Emperor and Galilean by Henrik Ibsen
National Theatre, London SE1
Bird’s Eye Ibsen
An odd, vertiginous night for TLT and her trusty automated Tonto for Henrik Ibsen’s longest play Emperor and Galilean. Odd for the moments of longeur and even the occasional sneaky peak at the watch. Yet, at the end, with a more aerial view, and arguments and imagery brought together, the experience felt valuable and moving. Set in classical times, it starts as a kind of Scandinavian Hamlet (yes, TLT knows where Elsinore is, but neither Shakespeare nor the Emperor Julian of this play were Scandinavian and Ibsen was!). Then transforms into some kind of Macbeth before a painful and anguished sacrificial finale. Actually, if one is to have confidence in the conclusions of translation and adaptation, it follows one man’s life from immature philosopher to warrior leader and final physical and spiritual defeat in the never-ending battle between pagan and Christian. At least, TLT would like to think of it as never-ending rather the more absolute idea of Third Reich fusion, apparently later adopted by National Socialist philosophy for its own ends. There were junctions when everything sparked with flickerings of contemporary resonance – even with touches of piercing humour to warm up the austere, gargantuan text and design. But other times it felt just too schematic.

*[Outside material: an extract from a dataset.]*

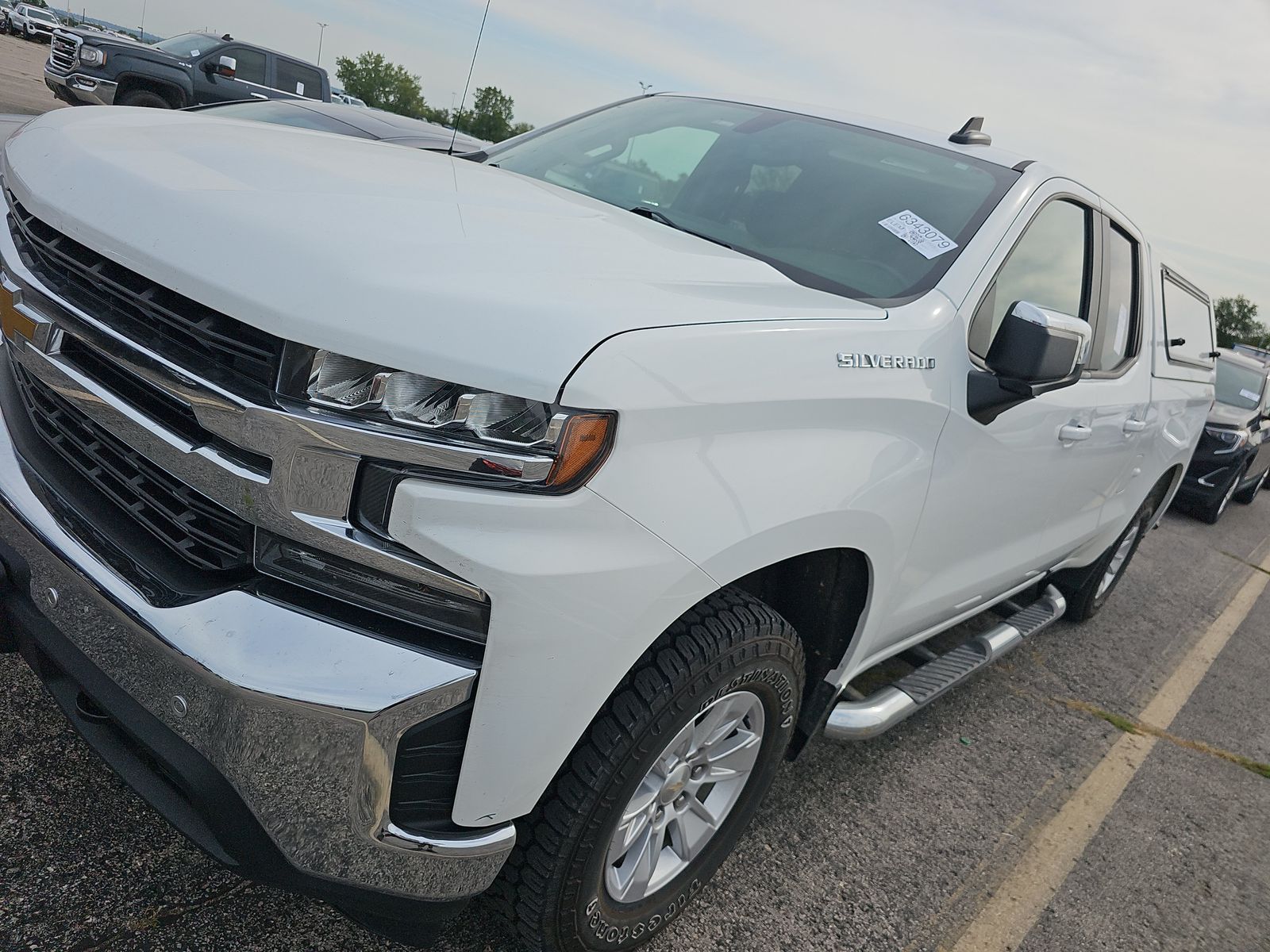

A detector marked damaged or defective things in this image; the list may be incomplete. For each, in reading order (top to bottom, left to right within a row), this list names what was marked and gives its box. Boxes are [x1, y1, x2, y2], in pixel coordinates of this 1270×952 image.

pavement crack [1061, 701, 1270, 781] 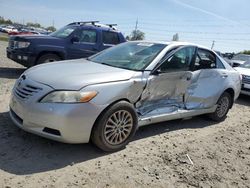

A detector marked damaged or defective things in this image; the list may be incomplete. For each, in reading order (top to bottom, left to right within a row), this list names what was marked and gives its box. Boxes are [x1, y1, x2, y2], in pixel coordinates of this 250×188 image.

damaged rear door [138, 46, 196, 115] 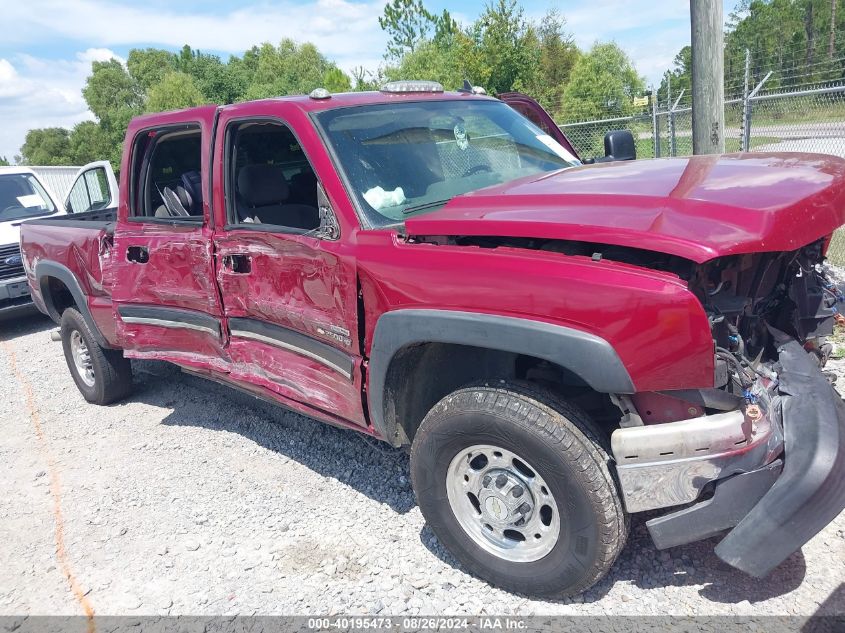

Nevertheless the passage from lush Eastern religiosity through clean classical architecture to modern warfare and then back to the pathos and agony of the ending framed like a painting, classically-clad but New Testament-inspired, did eventually impose a pictorial and sensory logic. The acting was uniformly magnificent; the design, including multimedia, awe-inspiring but the length of the play gave TLT time to reflect the Olivier is a big stage to fill. So hovering above this with hindsight, a green light for the acting and imagination behind this production, but, factoring in the ups and downs of a long evening, an amber light.